• [Required action]:
Reproduce only what runs from the line containing "18804 14th Place W Lynnwood, WA 98037" to the line containing "RĘCZNIK NEL (06) 30 X 50 CM BRĄZOWY RĘCZNIK" in the records below, inclusive. Keep it exact, and keep the pictures out.

• [Data section]:
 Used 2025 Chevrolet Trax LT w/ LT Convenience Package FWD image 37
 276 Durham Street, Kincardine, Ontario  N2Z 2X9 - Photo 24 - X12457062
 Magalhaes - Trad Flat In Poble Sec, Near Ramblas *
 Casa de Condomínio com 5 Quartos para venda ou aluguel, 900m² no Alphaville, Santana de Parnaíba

* * *

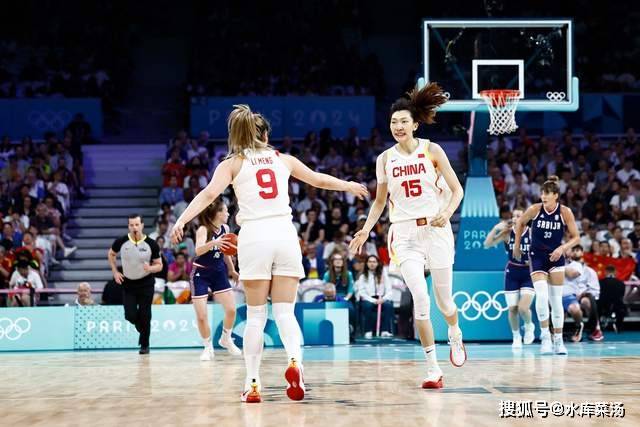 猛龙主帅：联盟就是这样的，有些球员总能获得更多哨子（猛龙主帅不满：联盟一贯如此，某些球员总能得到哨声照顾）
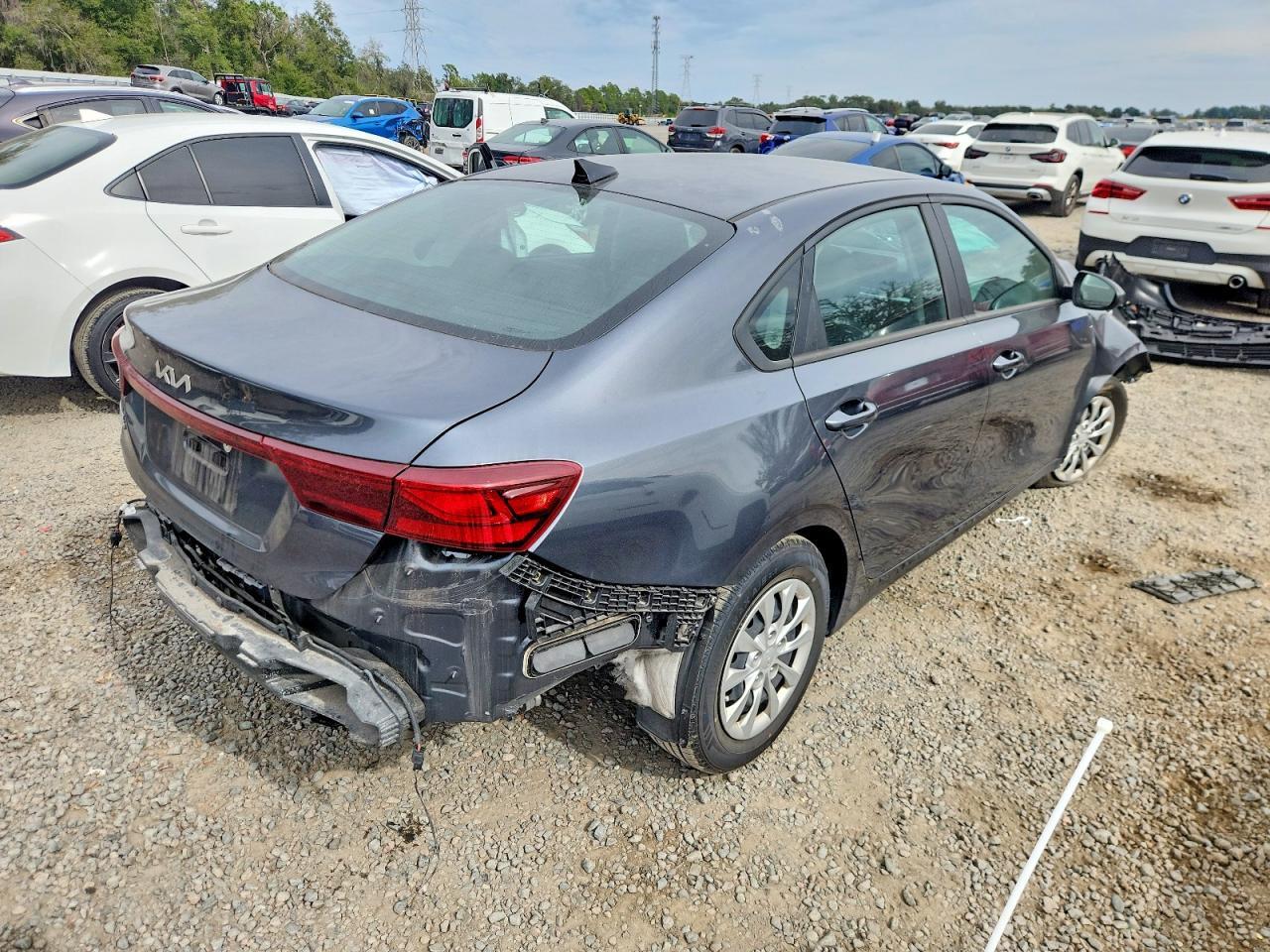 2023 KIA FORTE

--

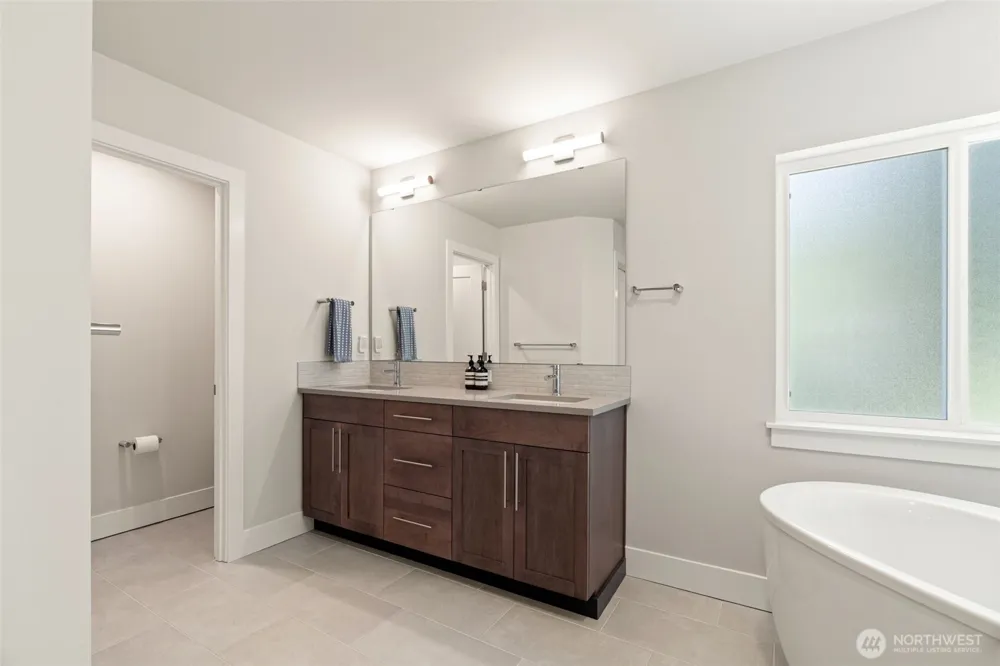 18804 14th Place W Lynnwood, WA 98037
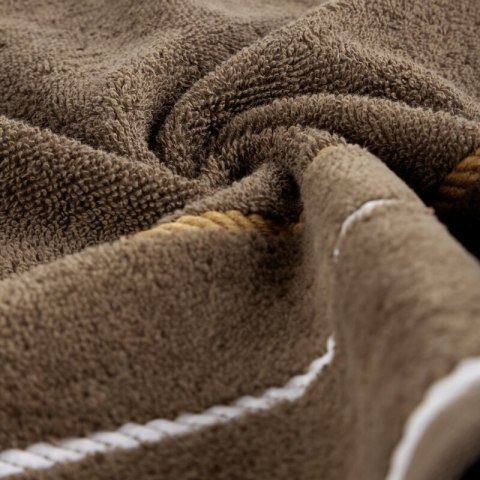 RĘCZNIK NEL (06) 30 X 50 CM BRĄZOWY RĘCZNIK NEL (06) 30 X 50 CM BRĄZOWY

• [Answer for this exercise]:
 18804 14th Place W Lynnwood, WA 98037
 RĘCZNIK NEL (06) 30 X 50 CM BRĄZOWY RĘCZNIK NEL (06) 30 X 50 CM BRĄZOWY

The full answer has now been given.